Brando assina, com colegas da Alemanha e dos Estados Unidos, um artigo de revisão sobre estudos acerca da saúde das florestas em diferentes regiões do planeta. Para medir o quanto as florestas mudaram nos últimos tempos, grupos de pesquisa do mundo todo usam critérios tão variados quanto a biodiversidade que observam. “Alguns pesquisadores viajam até o meio das matas simplesmente para saber se as árvores estão doentes”, exemplifica Brando.

Mudanças climáticas globais têm enorme influência sobre a saúde florestal: florestas mais quentes tendem a ficar mais doentes

As sempre comentadas mudanças climáticas globais têm enorme influência sobre a saúde florestal: florestas mais quentes tendem a ficar mais doentes. “Isso ocorre porque a quantidade de água fica reduzida, tornando os incêndios mais intensos”, explica o cientista. Se, por um lado, é possível observar tendências globais como esta, por outro, a avaliação da saúde das florestas no globo é um desafio sem tamanho. “Se uma árvore está doente, é fácil saber. Mas como saber se uma floresta inteira está? Qual é o número exato de árvores doentes para caracterizar uma floresta adoecida?”, questiona Brando.

Para o biólogo Jean Remy Guimarães, pesquisador da Universidade Federal do Rio de Janeiro e colunista da CH On-line, o trabalho é um grande avanço nesse campo de pesquisa, pois aperfeiçoa estudos já feitos. “É essencial entender a situação atual das florestas para, então, tentar prever como vai ser o futuro delas”, diz. “E o futuro delas também é o nosso, não é?”

 

Futuro ainda incerto

Em quatro artigos de revisão, a Science desta semana dá pistas do quão devastados estão diferentes tipos de florestas, entre eles as boreais (que cobrem regiões mais frias), as temperadas (localizadas em lugares de clima ameno) e até as plantadas (ou seja, cultivadas pelo próprio homem). Um estudo que nos toca diretamente foi publicado por Simon Lewis, da Universidade de Leeds, na Inglaterra, e visa determinar o impacto dos humanos em florestas tropicais, em termos de estoques de carbono nas árvores, além de avaliar as consequências de eventos como queimadas e incêndios.

Florestas em risco
Compreender a saúde atual das florestas, inclusive a forma como elas se recuperam após queimadas e outros eventos, é fundamental para tentar prever como essas regiões estarão no futuro. (foto: Yan Boulnager)
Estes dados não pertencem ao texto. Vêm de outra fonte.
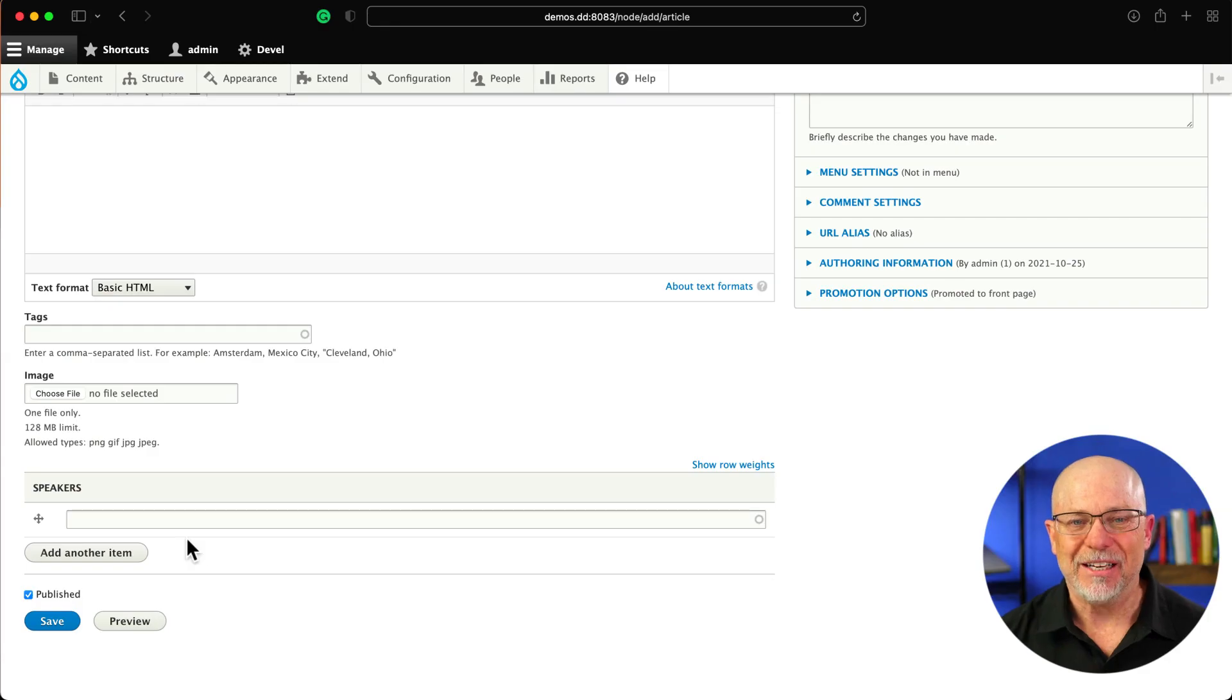It can really add a layer of benefit or ease of use for your content editors, where they don't just search on the title of a node or a user or anything. They can actually search for other fields that hold data, like the title of a speaker, for instance. In fact, that's exactly what we're going to do.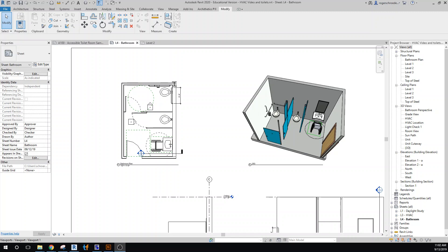We're going to start our bathroom by constructing two walls: the corner, the back plumbing wall, and this side wall, because that will help us locate the accessible rails or the grab rails around the toilet.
Os resultados mostram que são muito poucas as florestas tropicais ainda intactas, isto é, que tenham escapado dos impactos da agricultura. “A maioria das florestas que se salvaram estão na Amazônia, com poucos remanescentes na África e na Ásia”, conta Lewis à CH On-line. Ainda assim, não temos motivo para comemorar. “As mudanças climáticas terão grandes impactos nas florestas tropicais. A quantidade de carbono que as florestas vão captar no futuro é incerta, assim como a resposta das florestas ao carbono extra também é incerta”, completa o autor.

Uma preocupação dos especialistas é que, conforme o clima esquenta, as espécies precisam encontrar novos hábitats para acompanhar o ambiente em mudança. Porém, o estado fragmentado das florestas tropicais pode não permitir esse movimento, levando à extinção de muitas espécies.

De uma maneira geral, ainda é difícil prever como estará a saúde das florestas em um futuro distante. “Isso depende de como será nossa postura daqui em diante: se iremos adotar novas medidas para reverter esse cenário ou continuar com os velhos hábitos”, destaca Brando. O engenheiro aponta que, atualmente, o mais importante é compreender o complexo processo que as florestas do planeta estão passando. Apenas estudando a fundo o estado de saúde de nossas árvores será possível salvá-las. “Criar políticas de proteção a essas queridas aliadas já seria um bom começo”, arrisca.